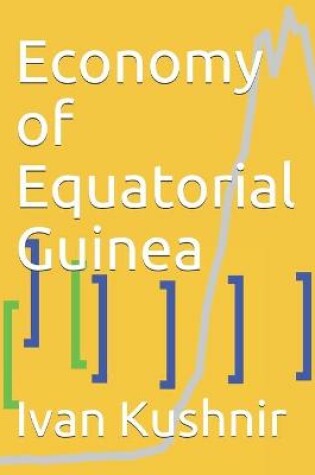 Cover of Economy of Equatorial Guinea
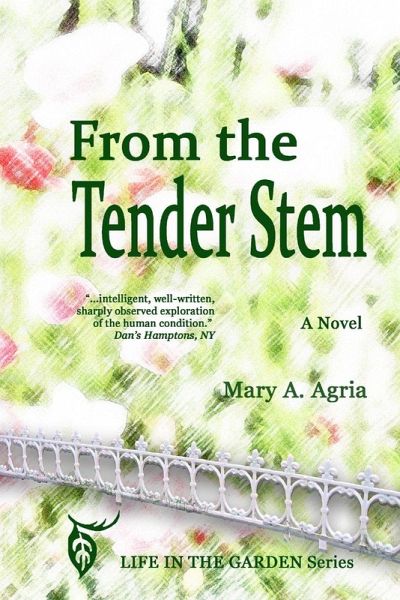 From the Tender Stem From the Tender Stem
* * *
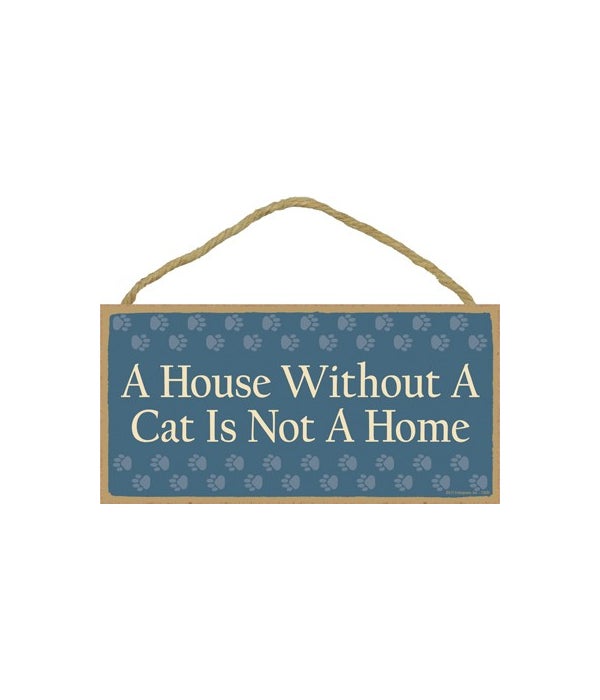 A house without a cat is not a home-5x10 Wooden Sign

» Exercise aim: Starting at the line above that holds "Cover of Economy of Equatorial Guinea", repeat every line exactly down to and including the line that holds "From the Tender Stem From the Tender Stem", then stop. Do not carry over any pictures.

» Result:
 Cover of Economy of Equatorial Guinea
 From the Tender Stem From the Tender Stem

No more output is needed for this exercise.